As reported by Reseller News, AWS’ Simple Storage Service (S3) in the provider's Northern Virginia region experienced an 11-hour system failure, caused by a typo.
Other Amazon services in the US-EAST-1 region that rely on S3, like Elastic Block Store, Lambda, and the new instance launch for the Elastic Compute Cloud infrastructure-as-a-service offering were all impacted by the outage.
AWS apologised for the incident in a postmortem, with the outage affecting the likes of Netflix, Reddit, Adobe, and Imgur.
“This points to a greater requirement for cloud consultants,” Joseph added. “Cloud is more complex than end-users realise and the technology as a whole can be its own worst enemy at times.
“Because cloud is very easy to set up through X and Y with a credit card and a cloud provider, there’s a misconception in the market. Businesses embark on cloud migrations without specific knowledge of what is required, the experience is lacking.
“It’s trial and error for the end-user as a result because they are not aware of any lessons to be learned or any common pitfalls to avoid.”
But in assessing the New Zealand market as an AWS Advanced Consulting Partner, Joseph acknowledged that it’s “very easy” to adopt cloud strategies in an instance through easy to configure and easy to deploy services and solutions.
“Fast forward a few years and a customer’s cloud practice could have evolved into something completely different,” Joseph cautioned. “And because of it the end-user hasn’t properly architected its cloud to the correct level required and that’s the fundamental problem in the industry today.”
With specialist experience lacking, Joseph stressed the stark difference between merely spinning up a few servers in the cloud, compared to architecting for high availability.
“It requires experience,” he added. “Given that in-house skills are hard to acquire for New Zealand businesses, it’s crucial for organisations to seek outside help to ensure their cloud environments are fit for purpose.
“Traditionally this was carried out for businesses but today, cloud allows people to become amateur engineers on the spot. The bar has been significantly lowered but if you’re a business that doesn’t have much demand, or care if they will be down for a few hours on occasions, then that might be all you ever require.

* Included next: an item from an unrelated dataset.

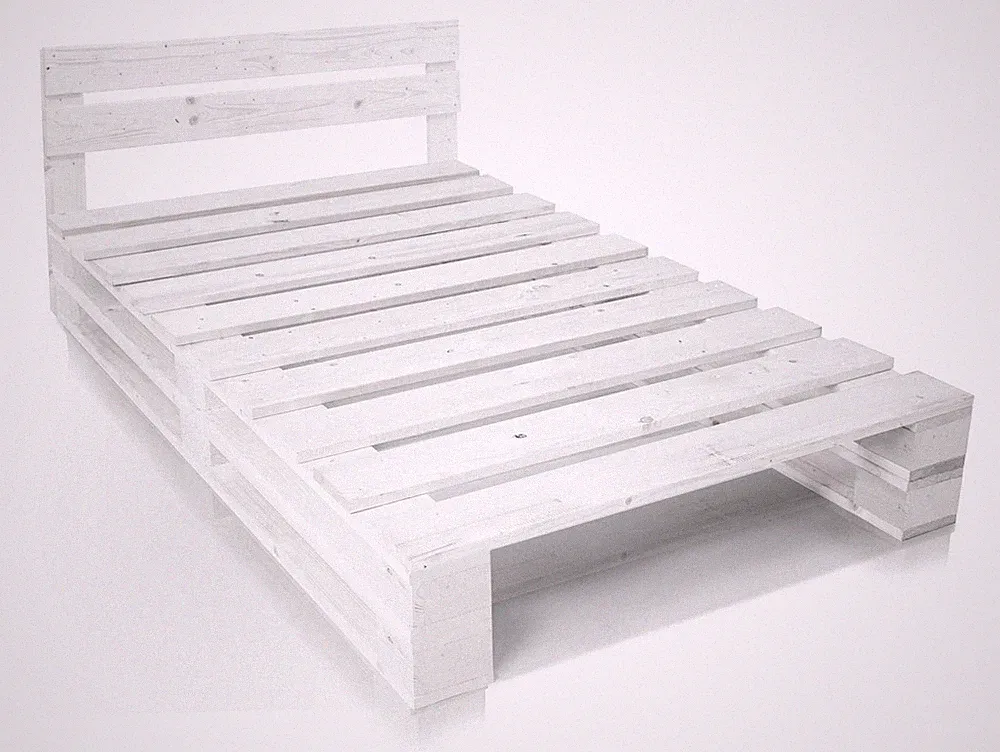 Palettenbett mit Kopfteil Massivholzbett Jugendbett PALETTI DUO Fichte weiss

“But for those reliant on having zero downtime, outside expertise is advised.”
While acknowledging the fault of AWS in the outage, Joseph said the end-user community should also shoulder some of the blame for the disruption, insisting both were jointly responsible for suffering downtime.
“If my business couldn’t tolerate being down, then I would configure my cloud to accomodate this,” he explained. “There’s joint responsibility here in that businesses didn’t have the proper procedures and technology in place to cater for something that was well within the perimeters of what was expected.
“Sure the outage was longer than expected but in context, this particular service has been up with no particular drama for ten years so that’s why it’s such big news, because it’s been so reliable. If it were down everyday nobody would care and the press wouldn’t be interested.
“If businesses read their SLAs, they’ll see 99.9999 per cent uptime and this is the one occasion AWS didn’t deliver. But AWS hasn’t made any 100 per cent guarantees, that is the role of the end-user.”
Despite AWS admitting that a typo caused the outage, Joseph said the root cause of the problem should be considered irrelevant from an end-user perspective.
“It really shouldn’t matter because this type of instance is in the realms of what is expected and what should have been planned for by users of the service,” he added.
“It was an over simplification by the press because the SC3 service outage was one of 16 parts of the service that was down.
"The service was available elsewhere globally and this should act as a wake-up call for businesses when building cloud services.”